May 4, 2012 RSS Feed Print

President Obama has time and again touted the importance of higher education even stating our nation needs two million more college graduates in the next decade.  In fact, last week Obama dedicated significant time toward calling for college to be more affordable and accessible.

While Mr. Obama talks about the availability of higher education, skills development, and degree attainment, private sector colleges and universities are delivering on these items, while employing tens of thousands of Americans. 

For millions of nontraditional students, such as veterans, parents, and experienced workers, the constraints of a regular college schedule can make it difficult—if not impossible—to obtain a degree. Individuals working full time and supporting a family do not have similar needs or schedules to those attending typical four-year institutions who are oftentimes fresh out of high school. 

Private sector colleges and universities provide programs and curriculum tailored to the goals and lifestyles of non-traditional students. Career-oriented institutions offer classes online or at night, even during weekends allowing adults to work toward degrees, while maintaining a steady income and caring for their families.  

Further, private sector schools offer specialized degrees in high-demand industries. For instance, our schools educated nearly 40,000 nurses in 2009-2010, and more than six out of 10 allied-related healthcare professionals. Private sector colleges and universities provide course work and training in areas that are directly relevant to the future careers of its students allowing them to attain their degrees more quickly and prosper. The specialized nature of our schools, also gives students a leg up when competing against others for jobs, who have not received technical training.  

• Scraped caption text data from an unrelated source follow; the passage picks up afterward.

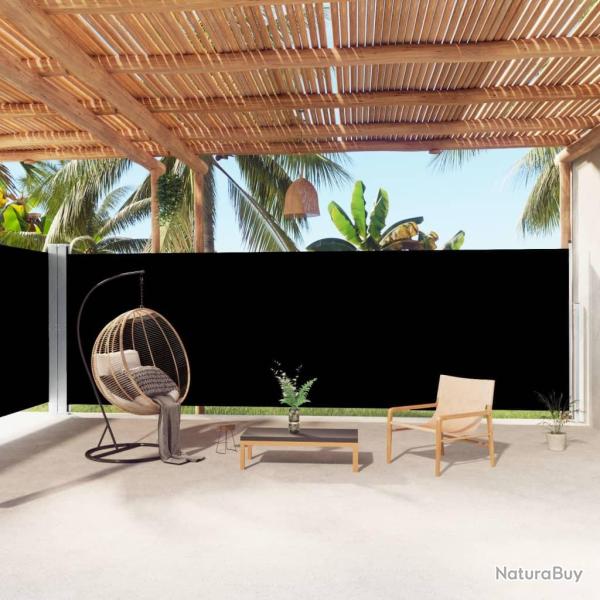 Auvent lat�ral r�tractable Noir 200x1000 cm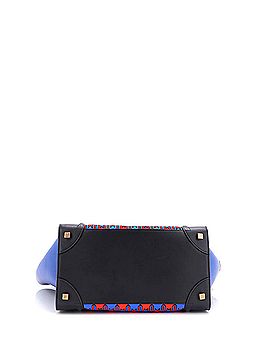 Céline Luggage Bag Printed Textile and Leather Mini (view 2)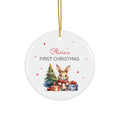 Ceramic Ornament – “For the Sweetest Aunt Nancy” Personalized Holiday Keepsake
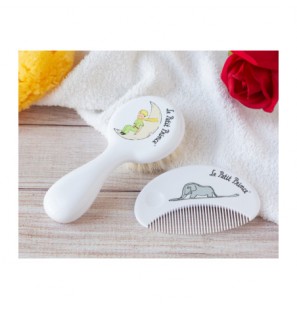 KIOKIDS Peigne et Brosse Naturel le Petit Prince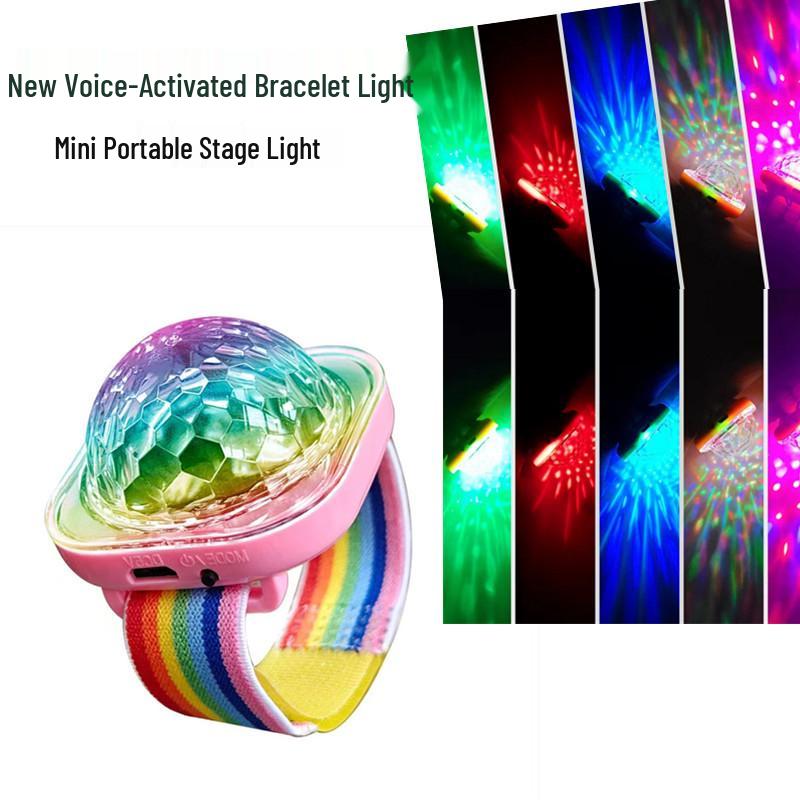 

Smurf Disco Party Bracelet with Colorful Sound-Controlled Strobe Light Blue Shell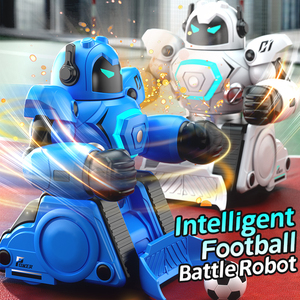 Interactive 2.4G Remote Control <strong>Fighting</strong> <strong>Robot</strong> with Light Music Double Football Boxing Battle Toy <strong>Robot</strong> for Kids - Product Image 5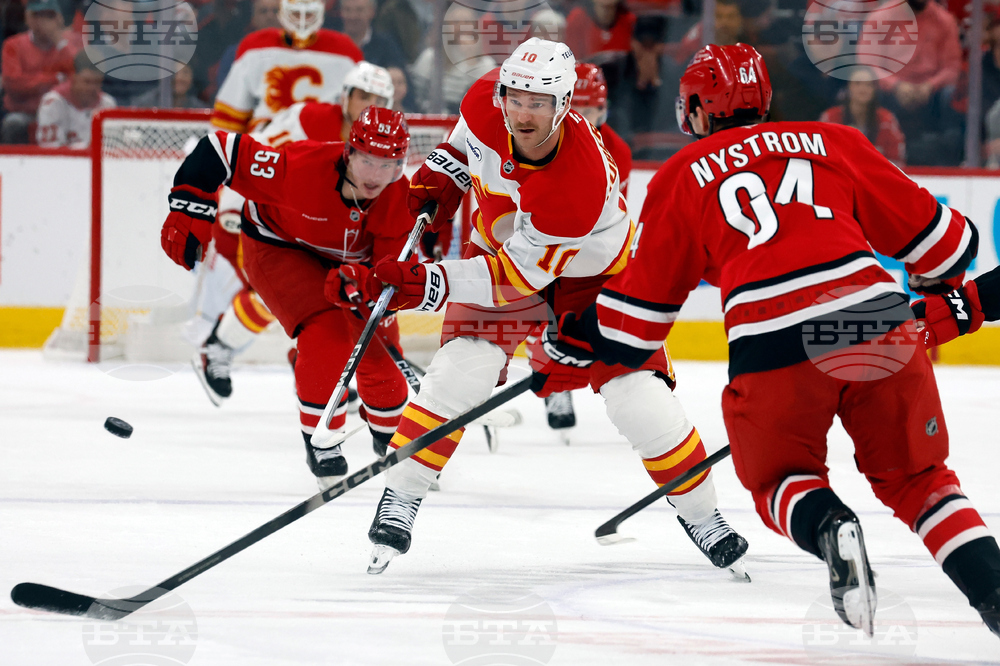 Flames Hurricanes Hockey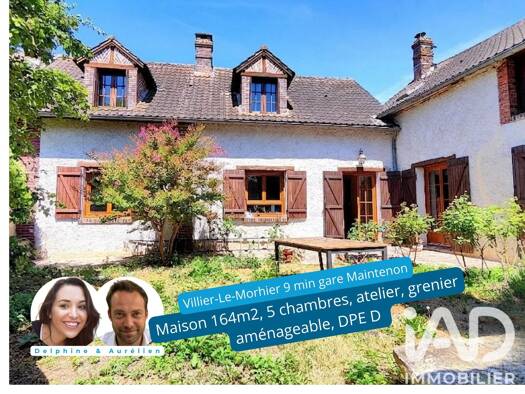Maison à vendre 260 000 € 7 pièces 5 chambres 164 m² 546 m² de terrain Maintenon 28130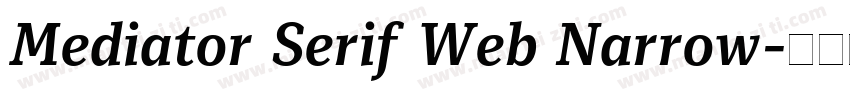 Mediator Serif Web Narrow字体转换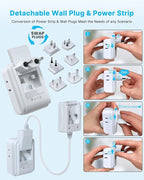 VINTAR Universal Travel Adapter Kit, 3ft Detachable Extension Cord - Image 2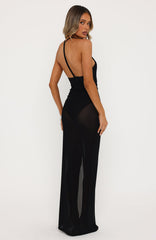 Mykonos Love Maxi Dress Black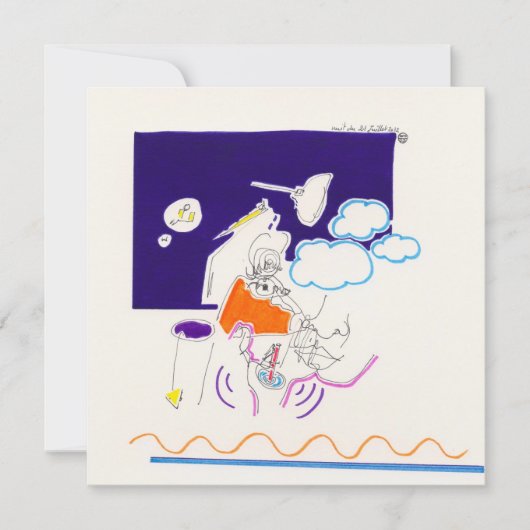 Night & Nickerchen Zeichnungen 11 Seltsame Einladu Einladung (Vorderseite)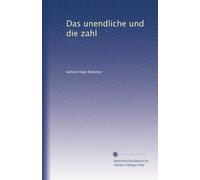 Das unendliche und die zahl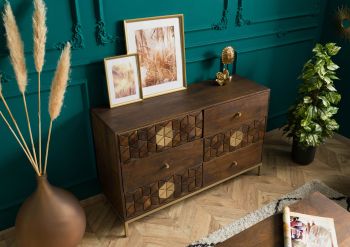 Sideboard Mango 122x40x77 braun geölt DIAMOND #209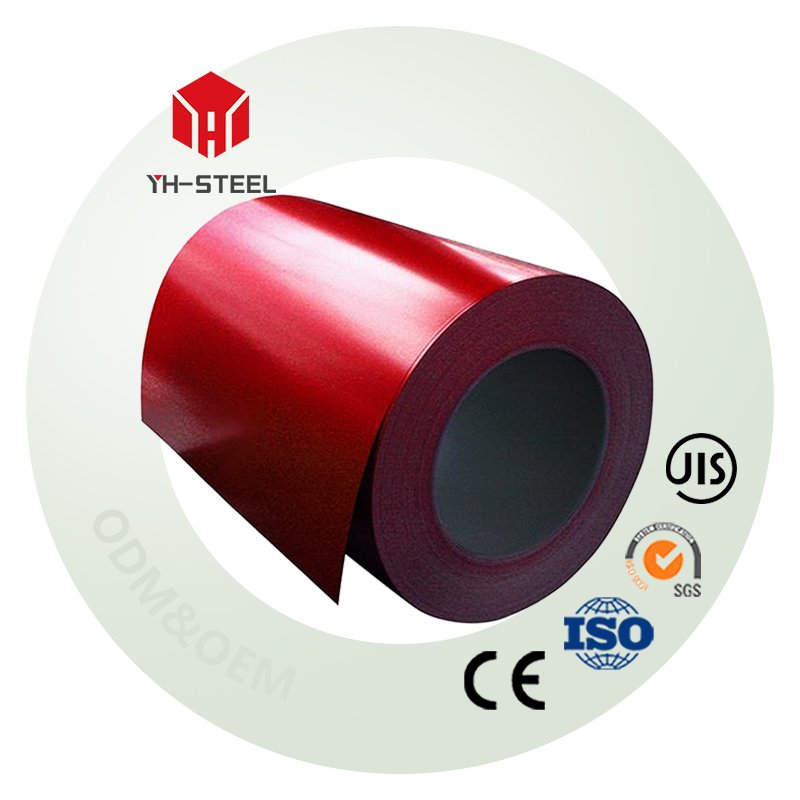 6.5*1250mm Ral7001 Color Coated Prepainted Galvanized PPGI Steel Coil Roll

In today's economy, businesses have made it clear there's a shortage of skilled workers ready to fill job openings. This has left America's economy in a much more vulnerable position than it might otherwise find itself in.

Despite all these aforementioned benefits, critics and other naysayers, like Peter Fenn, who recently wrote in U.S. News & World Report on the subject, have been screaming for further burdensome regulations on private sector schools. These pundits demonize career-oriented institutions at every corner, but they almost always forget to mention that private sector colleges are already one of the most highly regulated sectors in all of education.

These regulations come at a great expense. More regulations lead to more bureaucracy. And in order to comply with all the new bureaucratic constraints, private sector colleges and universities incur more costs which make an education more costly and less accessible.

Detractors like Fenn blindly support more regulations on educational institutions and oftentimes place ideology and politics ahead of the needs of students and our economy. They ignore Department of Education statistics showing career colleges produce more than twice the number of graduates than community colleges for two-year degrees.

The facts are simple, career-oriented schools are educating America's next generation and helping secure our nation's economic vitality. It is common knowledge that a higher education degree greatly improves employment opportunities and income. And at a time of extended, high unemployment and economic hardship, we should not be denying anyone access to skills and training that will allow them to better their own future.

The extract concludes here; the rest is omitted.